It's back on again.... sort of! Some people turned up this morning and started stuffing fabric cyclindrical tubes into the water and stuffing them with something yellow. This went on 4 about 2 hours...


























On goes the generator, and the heavens opened. I popped out for a few hours, came back and found they have managed to raise the boat by about a foot. there's lots of shouting going on, but apart form that the rain keep stopping them...

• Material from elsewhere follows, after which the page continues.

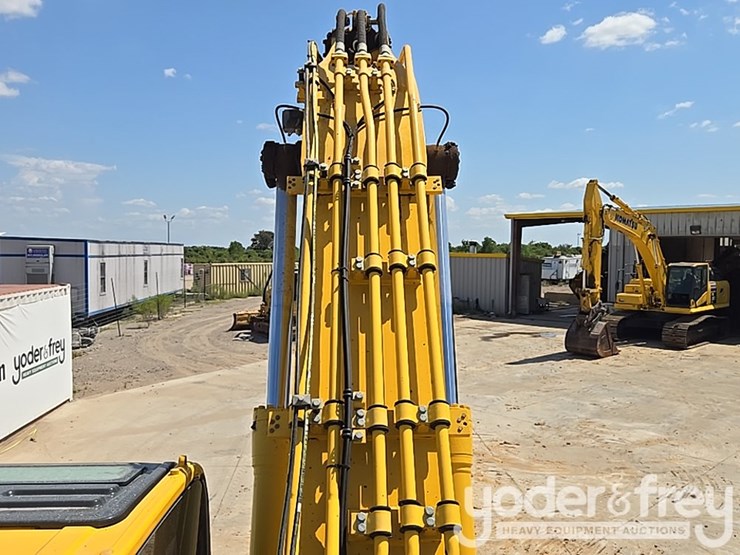 2023-komatsu-pc360-lc-11-image-54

I had to chuckle though when the bloke in the yellow wetsuit reached over from his raft a bit too far, and fell in!


----------



## Wondermikie (Apr 14, 2006)

kmpowell said:


> I had to chuckle though when the bloke in the yellow wetsuit reached over from his raft a bit too far, and fell in!

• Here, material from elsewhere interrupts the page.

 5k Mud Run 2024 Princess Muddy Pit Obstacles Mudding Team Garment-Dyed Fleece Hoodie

 :lol: :lol: no pics, damn!

At least they're progressing, at this rate it'll be seaworthy by winter, in time to get swamped again :lol:


----------



## TommyTippee (May 31, 2007)

Bit like Fred Kanos

Keep us posted


----------



## Hark (Aug 23, 2007)

lol

Enjoying this. Other peoples misery can unfortunately be very entertaining.


----------



## T3RBO (Dec 9, 2003)

Hark said:


> lol
> Other peoples misery can unfortunately be very entertaining.


So true


----------



## El Greco (Mar 9, 2006)

Any further updates? 
Cheers
Tom


----------



## kmpowell (May 6, 2002)

El Greco said:


> Any further updates?
> Cheers
> Tom


Sorry 'fraid not - it's sat there in a complete state and nobody has even come to look at it. The geese & swans have made a right mess on the front so it's now covered in bird sh*t and various rubbish/leaves/debris has collected to the surrounding area. The worst bit of it though is when it rains/wind hard, fuel leaks from it and causes a slick shine in the surrounding water. All in all I'm starting to get annoyed with the situation i.e. the owners reluctance to get it lifted out of the water with a crane - it's now a complete eyesore and is polluting the water, so another week or so and I'll be contacting the council about it.


----------



## sniper-sam (Jan 23, 2007)

This is one of the most entertaining posts I have ever read on here, well done [smiley=thumbsup.gif]


----------



## conlechi (May 6, 2006)

looking forward to the next update


----------



## cyberdude (May 24, 2002)

Any update? Did you report it?


----------



## kmpowell (May 6, 2002)

cyberdude said:


> Did you report it?


Council weren't interested, they told me to report it to the private company that run our mooring area.I did that and was told that they are Monitoring the situation and have been in contact with the owner. :?


----------